(Task goal): Skip the pictures and give back the rest of the listing exactly.

(Supplied information):
::::::::::
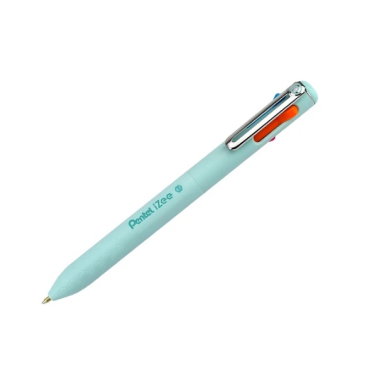 Caneta Esferografica 0,7mm 4 Cores BXC467LC Pentel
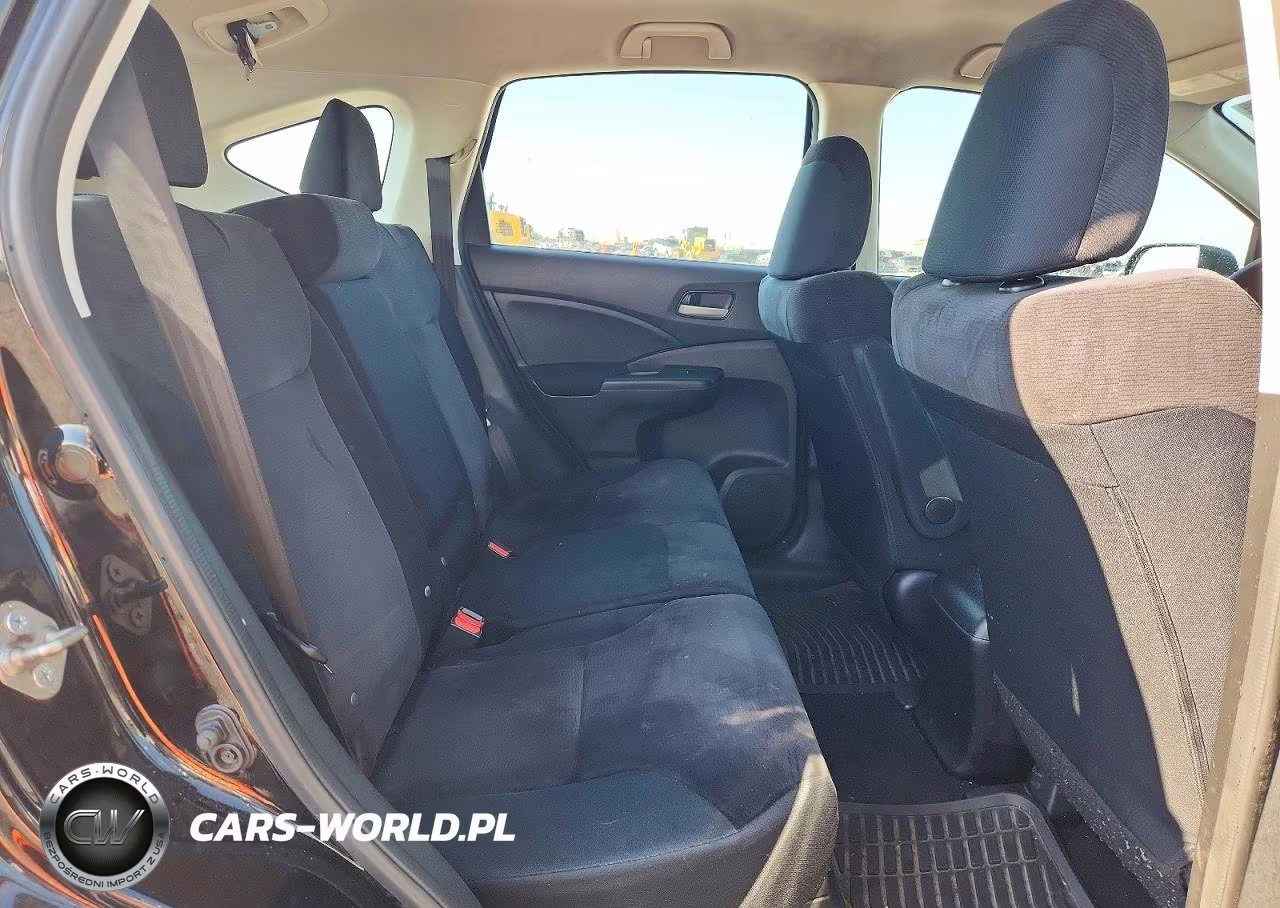2014 Honda Cr-V Lx VIN:5J6RM4H37EL075103 - 11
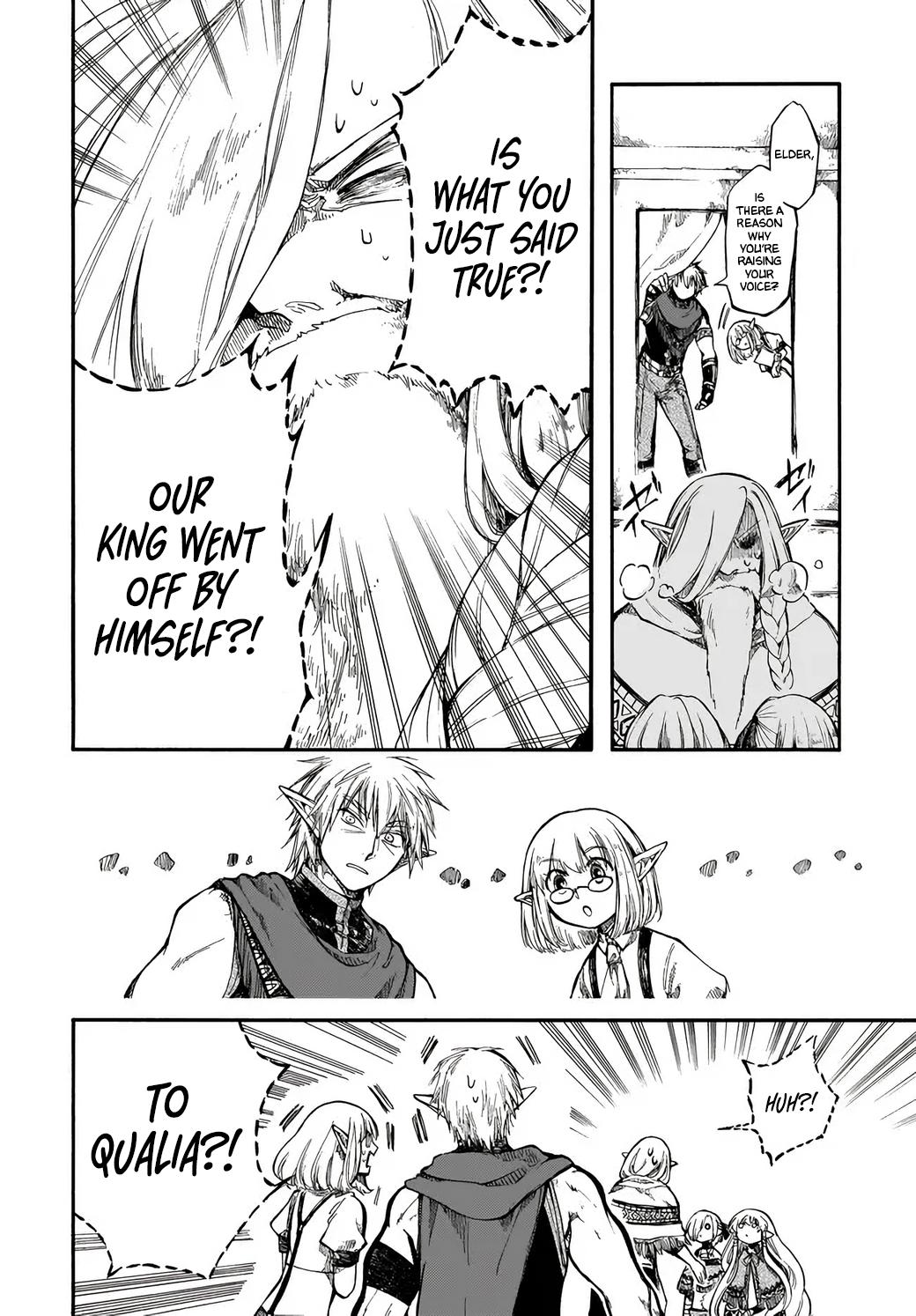 Apocalypse Bringer Mynoghra - World Conquest Begins with the Civilization of Ruin Chapter 30 10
::::::::::
(Task solution):
 Caneta Esferografica 0,7mm 4 Cores BXC467LC Pentel
2014 Honda Cr-V Lx VIN:5J6RM4H37EL075103 - 11
 Apocalypse Bringer Mynoghra - World Conquest Begins with the Civilization of Ruin Chapter 30 10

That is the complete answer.